ANGLO Irish Bank's fortunes are tied to the fate of a small number of property developers, some of whom face major losses as the Irish property market unravels, auditors of PricewaterhouseCoopers (PwC) warned.

In extracts of a report published late on Friday, PwC painted a hair-raising picture of Ireland's No. 3 lender, which was nationalized in January and has been described as the "rotten burrow of Irish banking" after a string of scandals.

Ireland's government published parts of the PwC report after a public clamor for more information.

Probes into possible share price manipulation, window-dressing of deposits and directors' loans at Anglo have helped accelerate Ireland's economic decline as investors, fearful of more controversy, give Irish securities a wide berth.

"The report clearly demonstrates the government was correct to guarantee the financial system last September at a time when financial market liquidity conditions were under severe pressure," Finance Minister Brian Lenihan said.

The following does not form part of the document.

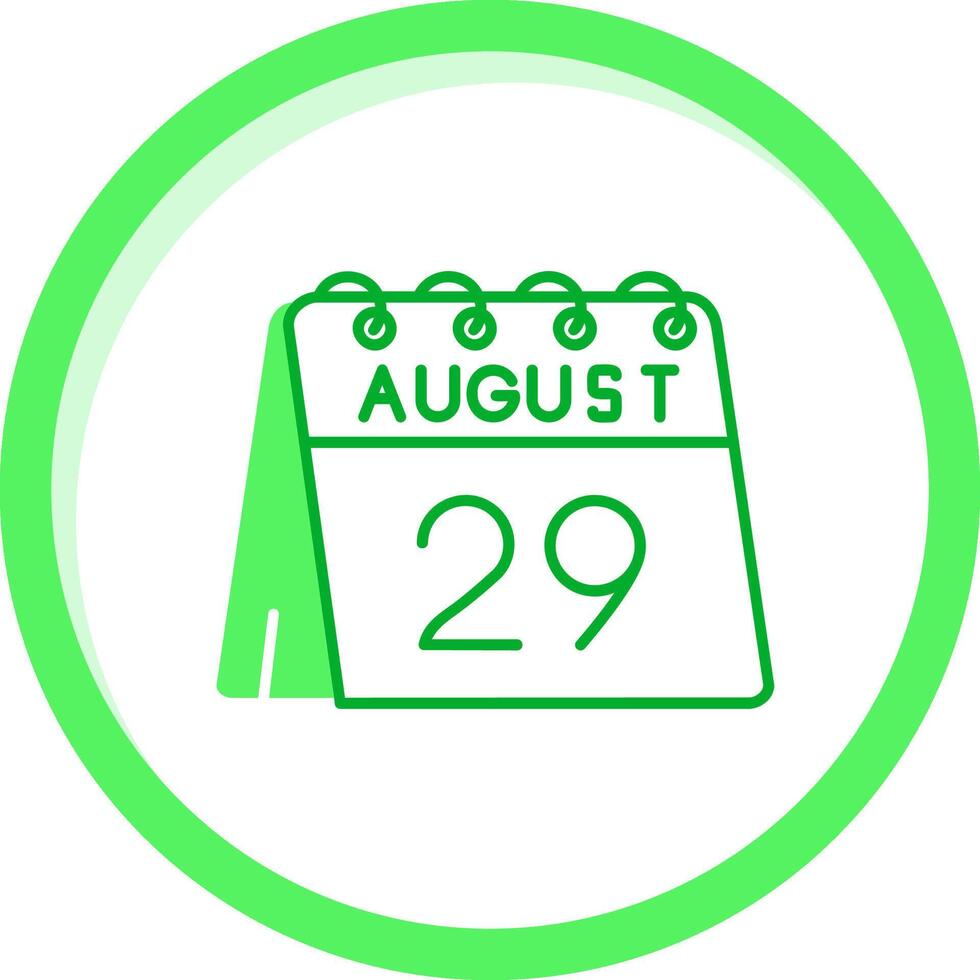 29th of August Green mix Icon vector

PwC's revelations overshadowed Anglo's annual report, which was issued earlier on Friday and laid bare for the first time the bank's US$567 million loan to a so-called "golden circle" of 10 top customers to buy its shares and prop up the price.

Extracts from the PwC report, compiled after the government guaranteed the deposits of all Irish lenders in September, show how exposed Anglo Irish is to local property developers who were once feted as stars of the "Celtic Tiger" economy.

Under a "highest stress scenario," the auditors estimated that Anglo Irish, which rode the local property boom to extremes, could face impairment charges of 2.3 billion euros (US$2.89 billion) in its 2009 financial year and 3 billion euros in 2010. The combined 5.3 billion euros nearly overshadows Bank of Ireland's worst-case impairment loss scenario of 6 billion euros for a three-year period up to March 31, 2011. Anglo Irish did not update its own estimate for bad debts when it published its annual report earlier on Friday, an omission seized upon by opposition politicians and analysts.

"We're still mired in this feeling we are not getting the full picture," said Richard Bruton, deputy leader of opposition party Fine Gael.

PwC noted that Anglo had a deliberate policy of building relationships with key property developers, who represented a significant proportion of the loan book.

But PwC warned that some of these customers were likely to face significant losses on residential property developments and undeveloped land banks, resulting in major losses for the bank.

In November Anglo's management told PwC that a number of their larger customers were experiencing short-term cash flow difficulties and were trying to sell assets.

About 15 customers have more than 500 million euros worth of loans with Anglo.